= Beginning of Section =
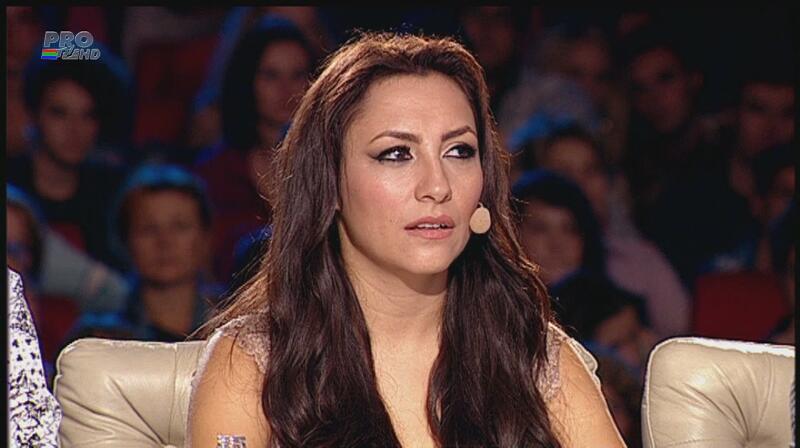 Îmbrăcată-n pijama, a dat-o din Bolliwood pe manea! Ce gafă a făcut o concurentă la Românii au talent! A LE-ŞI-NAT la propriu!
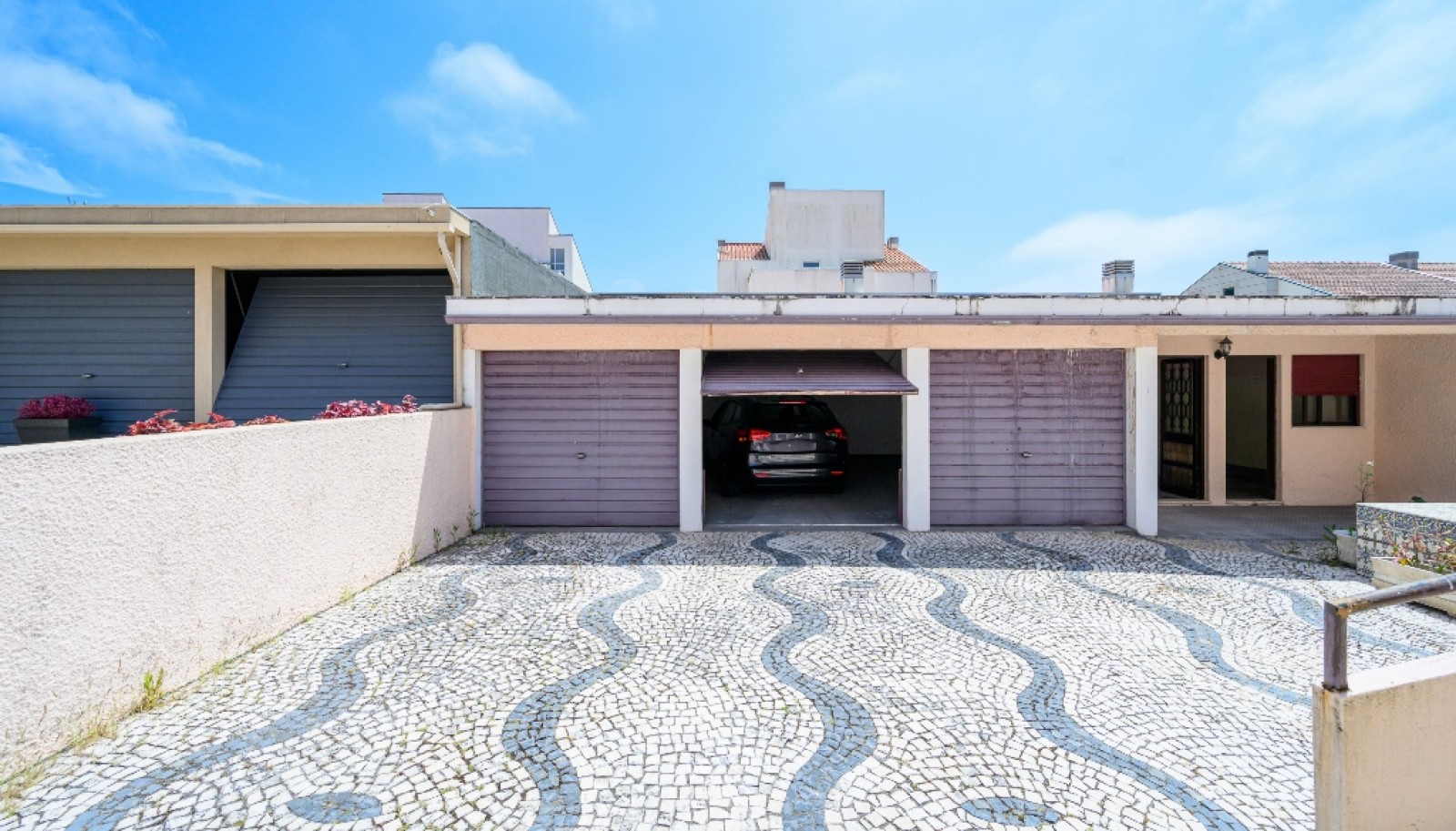 Five bedroom villa with garden for sale in Canidelo, Gaia, Portugal_369568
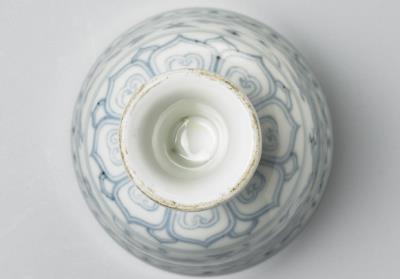 图片[2]-Stem bowl with dragons among louts blossoms decoration in underglaze blue, Ming dynasty, Hongwu reign, 1368-1398-China Archive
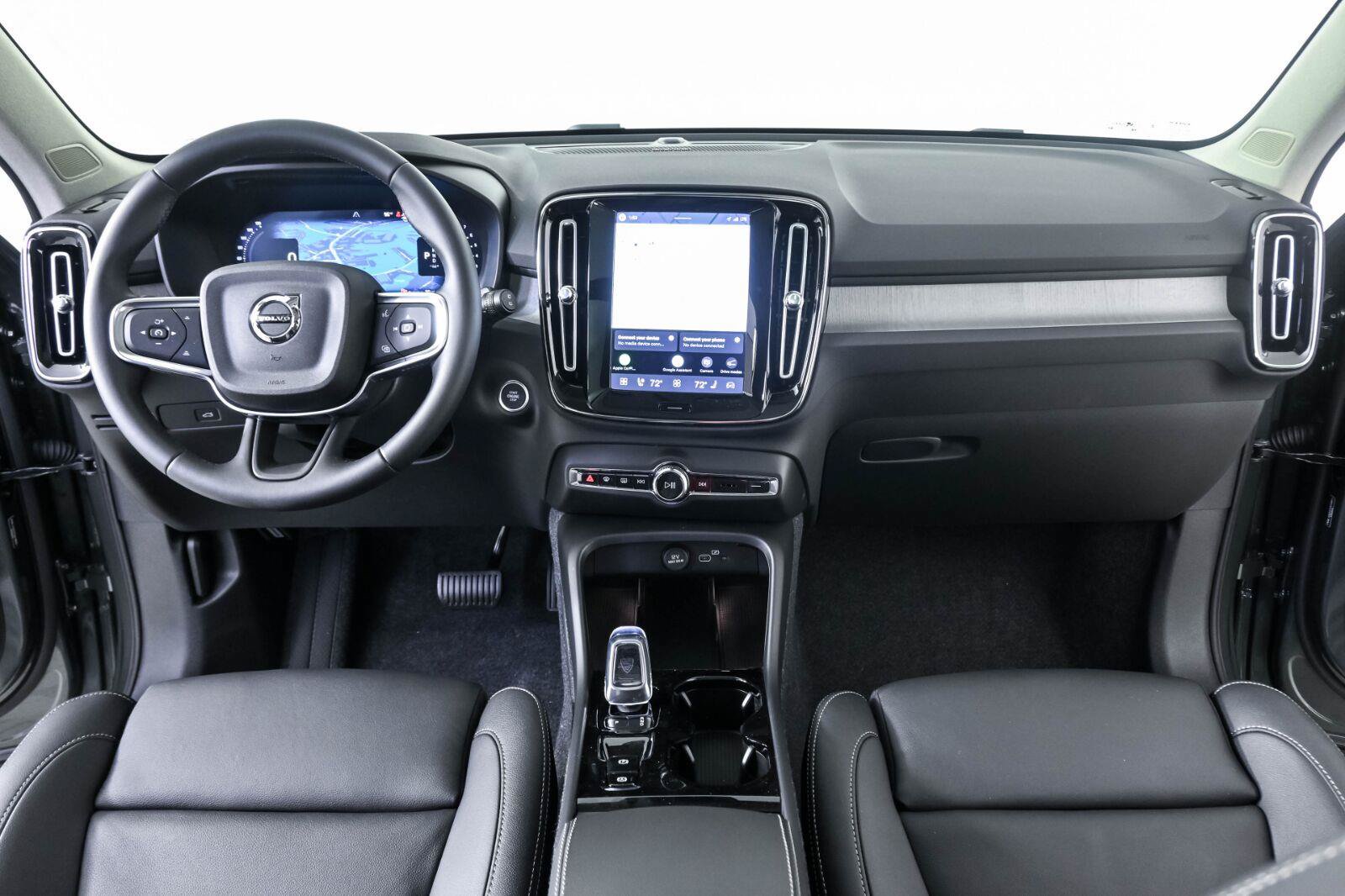 New 2026 Volvo XC40 B5 Plus w/ Climate Package AWD/4WD image 18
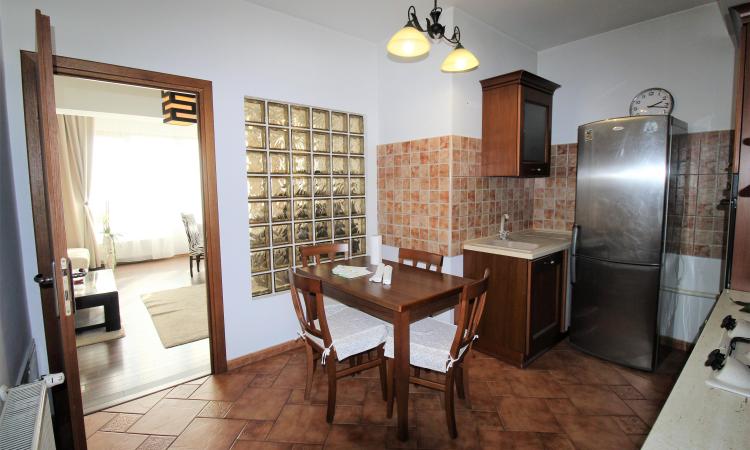 Apartament 3 camere - Baneasa - 90mp - garaj - centrala proprie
= End of Section =
### EXERCISE
Copy every record character for character. Skip the pictures.

### RESPONSE BELOW
 Îmbrăcată-n pijama, a dat-o din Bolliwood pe manea! Ce gafă a făcut o concurentă la Românii au talent! A LE-ŞI-NAT la propriu!
 Five bedroom villa with garden for sale in Canidelo, Gaia, Portugal_369568
 图片[2]-Stem bowl with dragons among louts blossoms decoration in underglaze blue, Ming dynasty, Hongwu reign, 1368-1398-China Archive
 New 2026 Volvo XC40 B5 Plus w/ Climate Package AWD/4WD image 18
 Apartament 3 camere - Baneasa - 90mp - garaj - centrala proprie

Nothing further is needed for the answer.